*** Supplied material

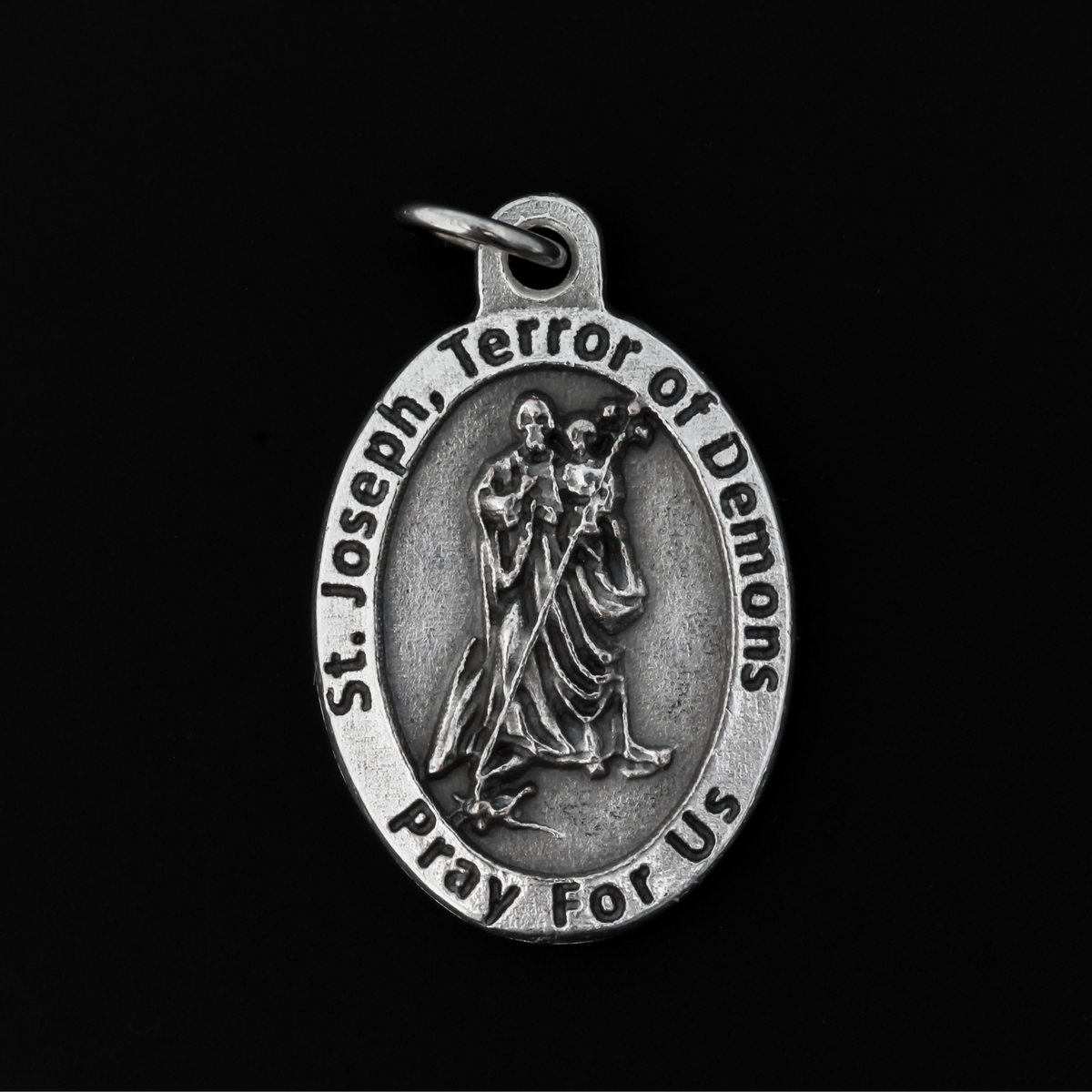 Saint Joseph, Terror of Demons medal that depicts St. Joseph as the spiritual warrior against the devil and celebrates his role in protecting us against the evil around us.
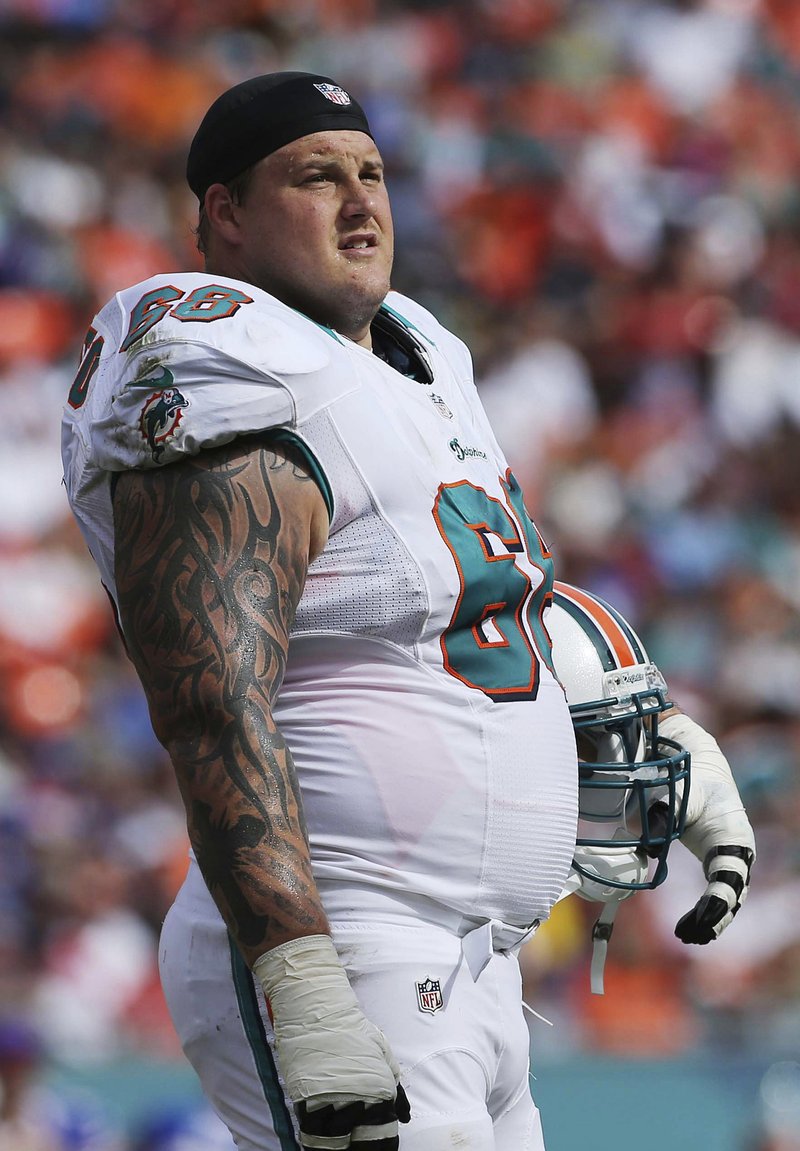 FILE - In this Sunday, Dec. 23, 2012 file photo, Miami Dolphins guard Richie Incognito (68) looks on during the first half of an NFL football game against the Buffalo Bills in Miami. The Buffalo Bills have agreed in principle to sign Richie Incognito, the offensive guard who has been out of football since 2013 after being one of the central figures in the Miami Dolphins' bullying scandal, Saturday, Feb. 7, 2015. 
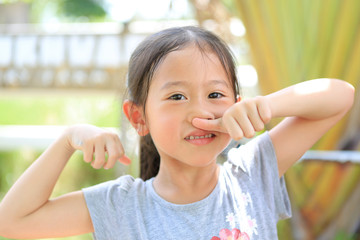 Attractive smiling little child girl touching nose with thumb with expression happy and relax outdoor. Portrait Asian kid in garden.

******

(Task description) The reply should hold every line of the material above, unchanged, and no pictures.

(Written reply)
 Saint Joseph, Terror of Demons medal that depicts St. Joseph as the spiritual warrior against the devil and celebrates his role in protecting us against the evil around us.
 FILE - In this Sunday, Dec. 23, 2012 file photo, Miami Dolphins guard Richie Incognito (68) looks on during the first half of an NFL football game against the Buffalo Bills in Miami. The Buffalo Bills have agreed in principle to sign Richie Incognito, the offensive guard who has been out of football since 2013 after being one of the central figures in the Miami Dolphins' bullying scandal, Saturday, Feb. 7, 2015. 
 Attractive smiling little child girl touching nose with thumb with expression happy and relax outdoor. Portrait Asian kid in garden.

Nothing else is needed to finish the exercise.